La chioma carezzata dal vento che prima di lei aveva sfiorato il mare, il tronco radicato nel terreno pietroso, i rami già carichi di preziosi frutti. Intorno a lui avevo creato un orto, un frutteto, con gelsi e fichi. Non aveva battuto ciglio, è sempre rimasto lì, solitario, fiero, rinnovando anno dopo anno i suoi doni.
È qui da più tempo di me, conosce i segreti di questo luogo, ascolta i messaggi che arrivano dall’altra sponda del mar Adriatico, portati dalle onde sospinte dal vento. Ascolta le grida allegre dei bambini sugli scogli e quelle disperate di chi annega, ascolta il canto degli uccelli innamorati e osserva le fusa del gatto coccolato da un giovane umano. Guarda con aria perplessa il nuovo contadino che coltiva l’orto, sorpreso dal cavolo cappuccio e dai fiori di zucchina che crescono rigogliosi. Lui non ha mai avuto bisogno di cure e le potature un fastidio cui sottostare senza emettere alcun gemito. Ha solo un’ambizione donare a se stesso ogni anno nuove e buone pere.
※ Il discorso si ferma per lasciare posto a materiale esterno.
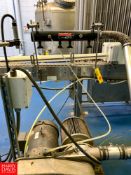 Paxton Air Blow Off Rigging Fee:$200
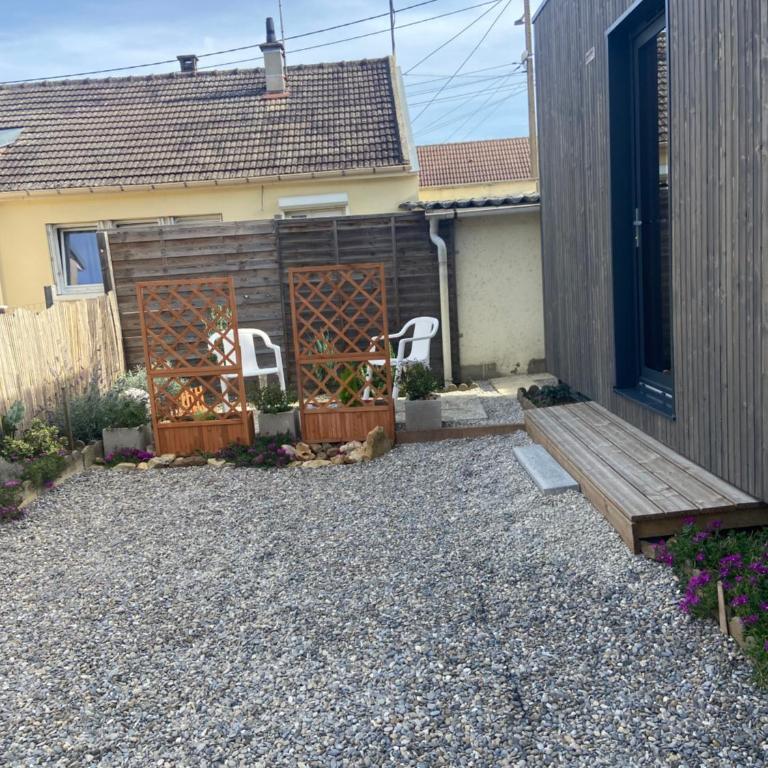 Studio atypique Le Mans - Studio - 2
Raccoglierle è dirgli grazie, riempire cestini è riconoscere la sua superiorità. Tra i suoi rami un pettirosso si riposa all’ombra, la pancia gonfia di fichi, mentre ogni tanto cinguetta e non è un tweet di un politicante, è un messaggio, un suono denso di significato. Da un gelso lontano una risposta, è conversazione tra pettirossi.
Cosa si diranno? Forse parlano d’amore. Il pero sorride, lui avrà capito, saprà cosa si saranno detti.
Una piccola lucertola sale sul tronco a prendere il sole. Il pero lascia fare, solitario, fiero, pacifico.